Loss of bytes and corruption of data while inserting image, xls files into blob using byte array

Question

I wanted to create a generic upload code,which could insert all data ,be it text,images,video files etc into a blob field and retrieve data from the same. I had assumed that converting the file into bytes and then uploading it, and using similar approach to download it would work. What beats me is that though I am able to successfully download files in any format using the bytes approach, uploading files by converting into bytes work only with pdf and text-related documents. While uploading image files, or even xls files, I observed that the byte size of blob field is lesser(update: mismatched) than that of original file. These files were found to be unreadable after downloading.

(I have come across a procedure in https://community.oracle.com/thread/1128742?tstart=0 which would help me in achieving what I want. But this would mean considerable rewriting in my current code. I hope there is a way out in my current code itself.)

My 'insert to blob' code as of now is :

Table structure :

desc project_storage
Name       Null Type          
---------- ---- ------------- 
PROJECT_ID      NUMBER(38)    
FILE_NAME       VARCHAR2(200) 
DOCUMENTS       BLOB          
ALIAS           VARCHAR2(50)  
FILE_TYPE       VARCHAR2(200)

Code:

@RequestMapping(value="/insertProject.htm", method = { RequestMethod.POST}, headers="Accept=*/*")
    public String insert(@RequestParam Map<String,Object> parameters,@RequestParam CommonsMultipartFile file,Model model,HttpServletRequest req){
        try
        {
            log.info("Datasource || attempt to insert into project storage -Start()");
            if(file!=null)
            {
                String file_type=file.getContentType();
                String file_name=file.getOriginalFlename();
                String file_storage=file.getStorageDescription();
                long file_size=file.getSize();
                System.out.println("File type is : "+file_type);
                System.out.println("File name is :"+file_name);
                System.out.println("File size is"+file_size);
                System.out.println("Storage Description :"+file_storage);
            ByteArrayOutputStream barr = new ByteArrayOutputStream();
                ObjectOutputStream objOstream = new ObjectOutputStream(barr);
                objOstream.writeObject(file);
                objOstream.flush();
                objOstream.close();
                byte[] bArray = barr.toByteArray(); 

            //  byte [] bArray=file.getBytes();
            //  InputStream inputStream = new ByteArrayInputStream(bArray);
                //inputStream.read();
                Object objArray[]=new Object[]{file_name,bArray,parameters.get("alias"),file_type};   //bArray is our target.
           int result=dbUtil.saveData("Insert into Project_Storage(Project_Id,File_Name,Documents,Alias,File_Type) values(to_number(?),?,?,?,?)", objArray);
            model.addAttribute(result);

            }
        }   
        catch(Exception e){
            System.out.println("Exception while inserting the documents"+e.toString());
            e.printStackTrace();
        }

        log.info("Datasource || attempt to insert new project -end()");
        return "admin/Result";
        }

Where am I going wrong? What exactly is being populated into the blob field when the files are xls,image or files?
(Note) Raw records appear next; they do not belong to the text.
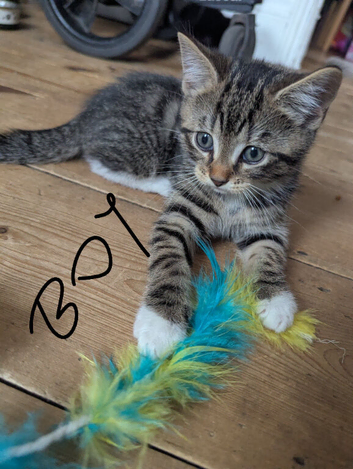 Beautiful 8-Week-Old Kittens Ready for Their Forever Homes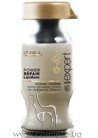 Ампулы для интенсивного восстановления сильно поврежденных волос L'Oreal Professionnel Absolut Repair Lipidium Power Repair small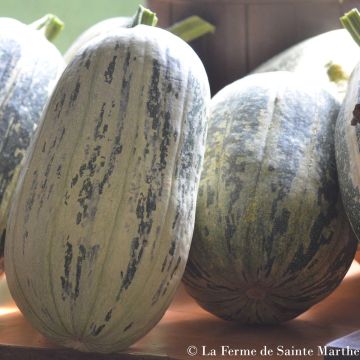 Zucchino de Touraine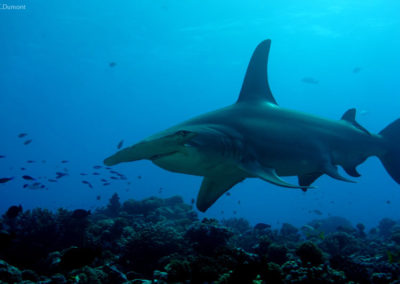 Requin marteau vu en plongée à Rangiroa avec TOPDIVE -photo-C.Dumont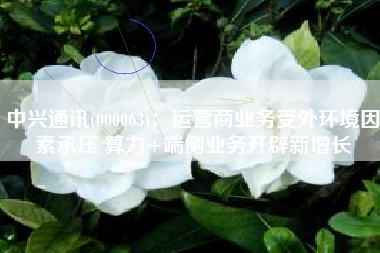 中兴通讯(000063)：运营商业务受外环境因素承压 算力+端侧业务开辟新增长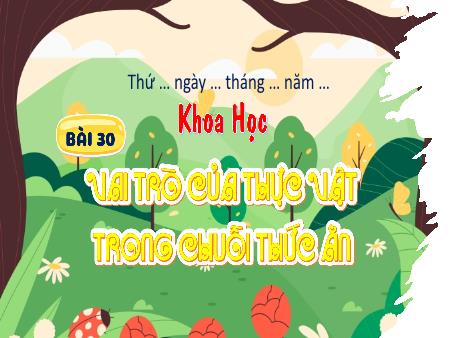 Bài giảng Khoa học 4 Sách Kết nối tri thức - Bài 30: Vai trò của thực vật trong chuỗi thức ăn
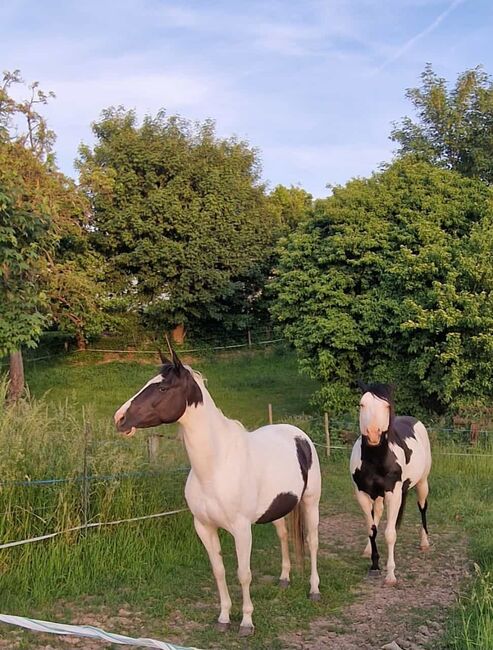 Paint-Horse Hengst Black Overo, Markus Bolz , Pferd kaufen, Windeck, Abbildung 11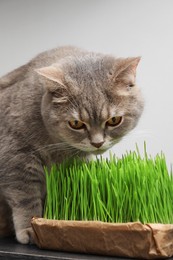 Photo of Cute cat near fresh green grass on desk indoors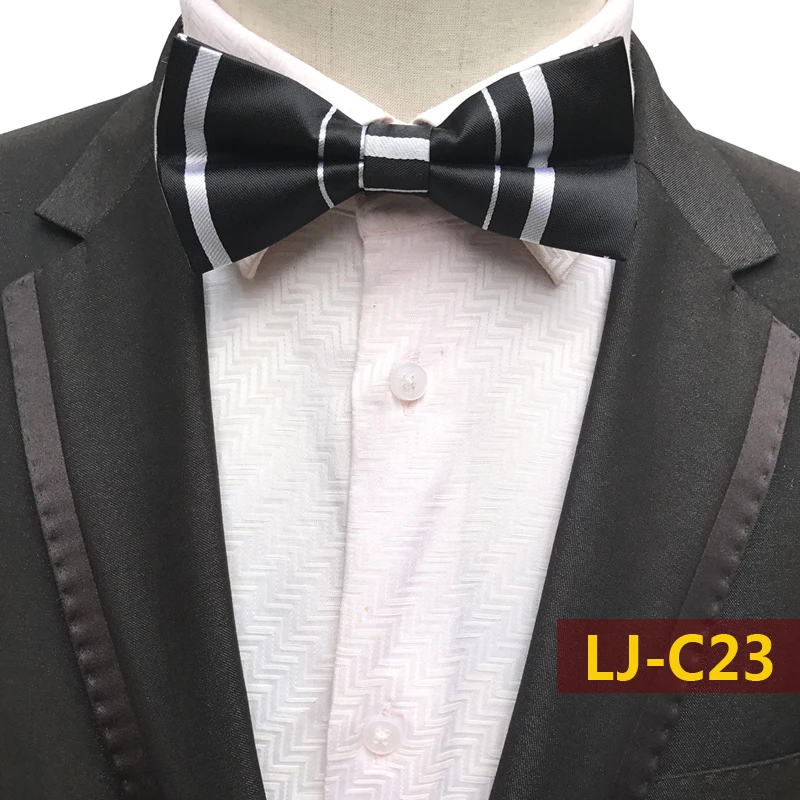 LJ-C23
EDIT: Tried uploading a dummy excel file which is as follows: Game.xls file

The console output is as follows :
    [6/29/15 20:28:41:803 IST] 0000004d SystemOut     O File type is : application/octet-stream
    [6/29/15 20:28:41:803 IST] 0000004d SystemOut     O File name is :Game.xls
    [6/29/15 20:28:41:804 IST] 0000004d SystemOut     O File size is: 6144  //this is original size of file.
    [6/29/15 20:28:41:804 IST] 0000004d SystemOut     O Storage Description :in memory
    [6/29/15 20:28:41:805 IST] 0000004d SystemOut     O  DBUtil ||  saveData || Query : Insert into Project_Storage(Project_Id,File_Name,Documents,Alias,File_Type) values(to_number(?),?,?,?,?)|| Object : [Ljava.lang.Object;@1eecbb7
    [6/29/15 20:28:42:020 IST] 0000004d servlet       I

The downloaded file is of size 6.7 KB, and contains the data as follows: enter image description here

This shows that this is an issue of data corruption. I had previously assumed only partial entry of data is occuring. EDIT :- The file is being read through a form.

<span class="btn btn-default btn-file" id="btn_upload">
    Browse <input type="file" name="file"></span>

I'm not familiar with java, but i had a problem with blob once. Check if any of this answers could help you: http://stackoverflow.com/questions/31030744/how-to-get-bmp-image-from-from-binary-blob-data-with-php — Clyff, Jun 29 '15 at 14:11
@Clyff, I don't think it is a size/length limitation.. though I am new to programming as well. However, learnt a new thing today from you :-) — I_am_Batman, Jun 29 '15 at 14:29
Why save in Blob, or for that matter even in DB, you can use a bytea in DB and save here also as a byte array. The advantage is less processing. You can lazy load the bytea variable by specifying atBasic annotation with lazy loading on it, so the document is not always fetched. — We are Borg, Jun 29 '15 at 14:38

score 0 · Answer 1 · answered Jun 29 '15 at 16:07

0

You are storing a java object: file. The retrieval seems erroneous, as you see some of the serialized object in the Excel file.

As the upload data (file) are of temporary character (the uploaded file should get processed and removed), and I do not think that file will contain the entire content (not sure though!), best store the bytes of the content explicitly, separate from the metadata like file size and type. That would allow to immediately stream the file content to the user. The same holds for the upload: instead of a ByteArrayOutputStream providing an InputStream for storing the blob would diminish server load.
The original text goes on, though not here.